In [2]:
import pickle

In [3]:
data = {'name': 'Alice', 'age': 30}
serialized_data = pickle.dumps(data)

In [4]:
serialized_data

b'\x80\x04\x95\x1c\x00\x00\x00\x00\x00\x00\x00}\x94(\x8c\x04name\x94\x8c\x05Alice\x94\x8c\x03age\x94K\x1eu.'

In [5]:
import findspark
findspark.init()

In [6]:
from pyspark.sql import SparkSession

In [7]:
spark=SparkSession.builder.config("spark.driver.host","localhost").appName('mew').getOrCreate()

In [8]:
spark

In [9]:
sc= spark.sparkContext

In [10]:
check=sc.parallelize([1,24,4])

In [11]:
check.collect()

[1, 24, 4]

In [12]:
def rt(x):
    return x*x

In [13]:
check2 = check.map(rt).collect()

In [14]:
check2

[1, 576, 16]

In [15]:
# Prepare Data
columns = ["Seqno","Name"]
data = [("1", "john jones"),
    ("2", "tracey smith"),
    ("3", "amy sanders")]

# Create DataFrame
df = spark.createDataFrame(data=data,schema=columns)
df.show()




+-----+------------+
|Seqno|        Name|
+-----+------------+
|    1|  john jones|
|    2|tracey smith|
|    3| amy sanders|
+-----+------------+



In [16]:
data = [("Alice", 25), ("Bob", 30), ("Charlie", 22)]
rdd = spark.sparkContext.parallelize(data)

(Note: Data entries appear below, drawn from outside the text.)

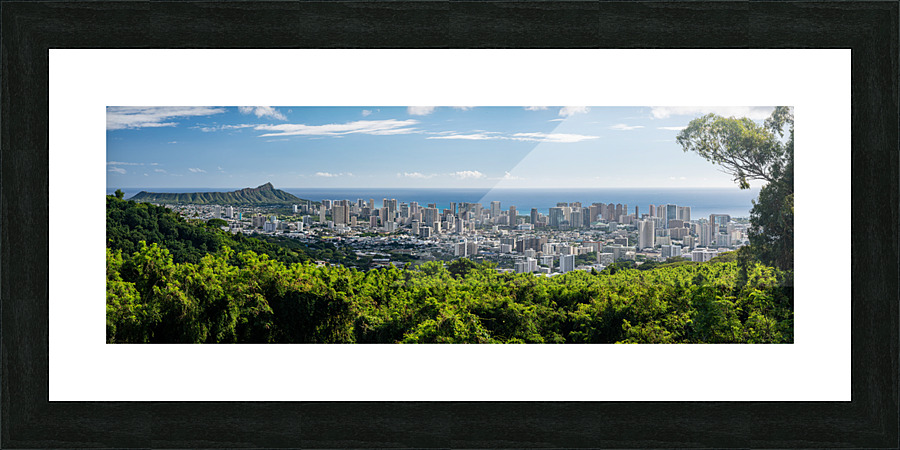 Panorama of Waikiki and Honolulu  Impression encadrée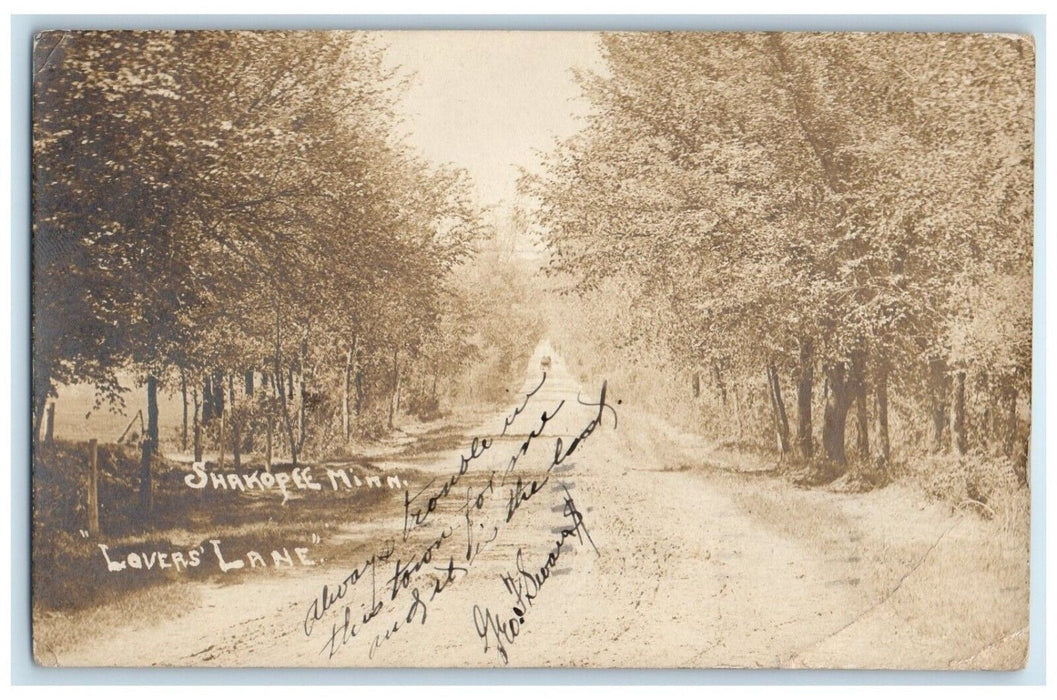 1909 Lovers Lane Shakopee St. Paul Minnesota MN, Dirt Road RPPC Photo Postcard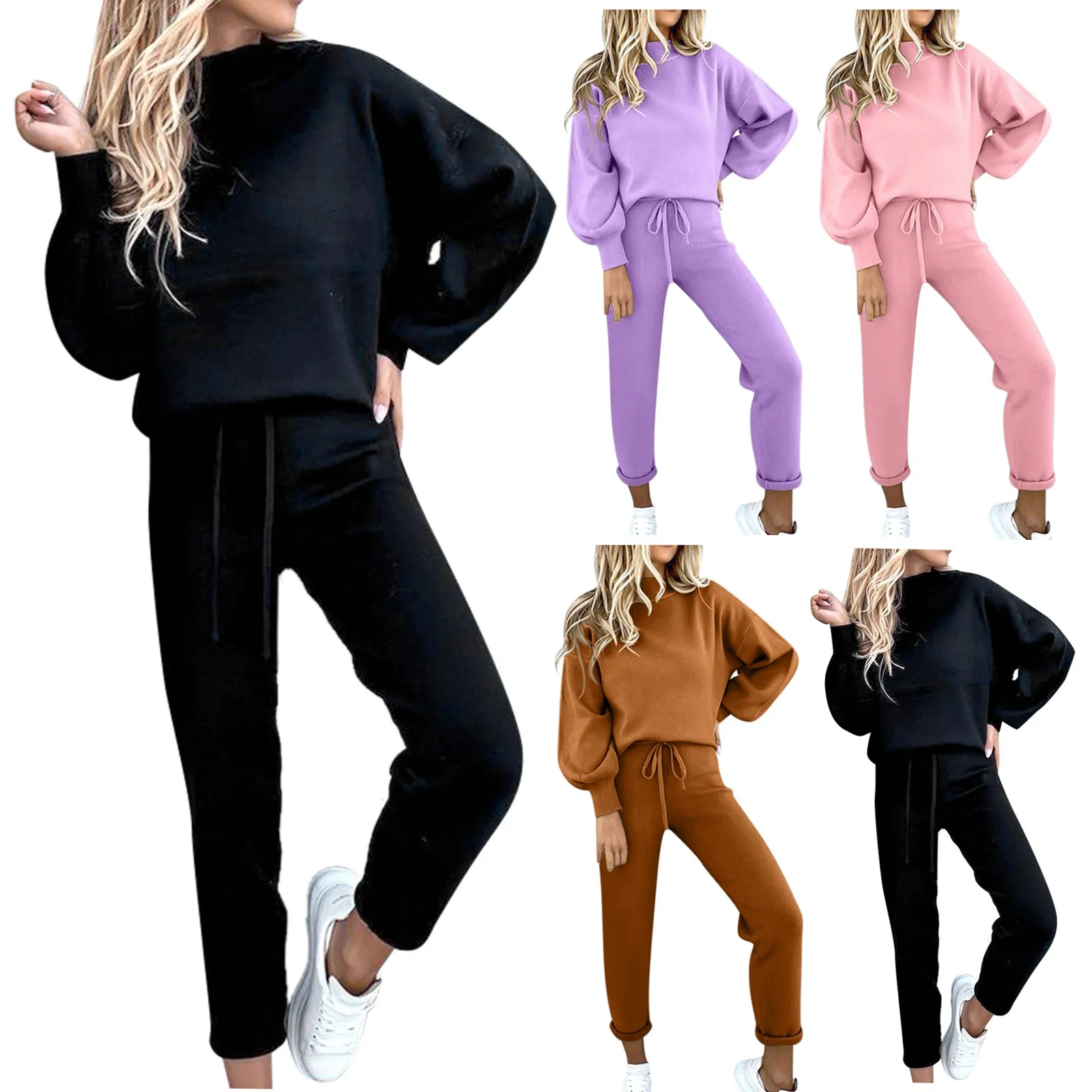 Women Tracksuit Autumn Solid Color Long Sleeve Sweatshirts Two Piece Set Casual Plus Size Female Sportswear Костюм Женский 2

# Convert the RDD to a DataFrame using toDF
columns = ["Name", "Age"]
df = rdd.toDF(columns)

# Show the DataFrame
df.show()

+-------+---+
|   Name|Age|
+-------+---+
|  Alice| 25|
|    Bob| 30|
|Charlie| 22|
+-------+---+



In [17]:
df.schema


StructType([StructField('Name', StringType(), True), StructField('Age', LongType(), True)])

In [20]:
df.select(df.Name.alias("check")).show()

+-------+
|  check|
+-------+
|  Alice|
|    Bob|
|Charlie|
+-------+



In [26]:
from pyspark.sql.functions import col

In [36]:
df.filter(df.Age==22).show()

+-------+---+
|   Name|Age|
+-------+---+
|Charlie| 22|
+-------+---+



In [29]:
df_sorted = df.orderBy(col("Age").asc()).show()

+-------+---+
|   Name|Age|
+-------+---+
|Charlie| 22|
|  Alice| 25|
|    Bob| 30|
+-------+---+



In [38]:
df.filter(df.Name.contains('Bob')).show()

+----+---+
|Name|Age|
+----+---+
| Bob| 30|
+----+---+



In [47]:

from pyspark.sql.types import StructType, StructField, StringType, IntegerType
nested_schema = StructType([
    StructField("country", StringType(), True),
    StructField("city", StringType(), True)
])

# Outer schema
outer_schema = StructType([
    StructField("name", StringType(), True),
    StructField("age", IntegerType(), True),
    StructField("location", nested_schema, True)
])

# Sample data
data = [("Alice", 25, ("USA", "New York")),
        ("Bob", 30, ("Canada", "Toronto")),
        ("Charlie", 22, ("UK", "London")),
        ("Alice", 29, ("UK", "Bangor"))]

# Create a DataFrame with the nested structure
df = spark.createDataFrame(data, schema=outer_schema)

# Show the results
df.show(truncate=False)

+-------+---+-----------------+
|name   |age|location         |
+-------+---+-----------------+
|Alice  |25 |{USA, New York}  |
|Bob    |30 |{Canada, Toronto}|
|Charlie|22 |{UK, London}     |
|Alice  |29 |{UK, Bangor}     |
+-------+---+-----------------+



In [48]:
df.select(df.location.city.alias('city')).show()

+--------+
|    city|
+--------+
|New York|
| Toronto|
|  London|
|  Bangor|
+--------+



In [49]:
df.sort(col('name').asc(),col('age').desc()).show()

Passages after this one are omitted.